靖国問題 8

 前記援護法により戦傷病者も法務死者も同等に扱われることになったにも関わらず、A級戦犯だけが合祀されていなかった。
 その間には、いろいろな経緯があったようであるが、A級の合祀には20年の時が経てしまっていた。
 ここに、中・韓に付け入られる隙を作ってしまっていたといえるであろう。
 原因としては、戦後の非常時も過ぎ、世の中が落ち着いてきたところにあるのではないだろうか。つまり、目の前に差し迫った危機感がなくなると、それまでのことを忘れたかのようにいろいろなことを言う人間が出てくるのは世の常であって、国民にも政治家にもいろいろな意見が出てくるようになる。
 おまけに、昭和44年からは靖国神社法案靖国神社を国家護持する法案)が国会で審議され、結局5年後に廃案とされたこともあり、神社側としてもA級合祀に及ばなかったのであろう。
 この法案には、青木一男が強行に反対したとされているが、青木はこの法案に英霊の合祀奉祭が明記されていないことについて反対したのであって靖国に対して反対したわけではない。
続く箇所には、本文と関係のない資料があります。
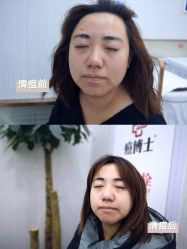 -悟空祛痘·诺奖技术专业店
 そして、その4年後の昭和53年になってようやくA級合祀が実現される。
 A級合祀に尽力したのは厚生省の職員であるとは、所功氏の言である。詳しい考証を聞いたことは無いが、年末にお会いする予定であるのでその際に機会があればお聞きしてみようと思う。
 が、お聞きするまでもなく、その可能性が高いであろうとは推測できる。戦後、戦傷病者や戦犯に対する諸事務を果たしてきたのが厚生省なのであるから…。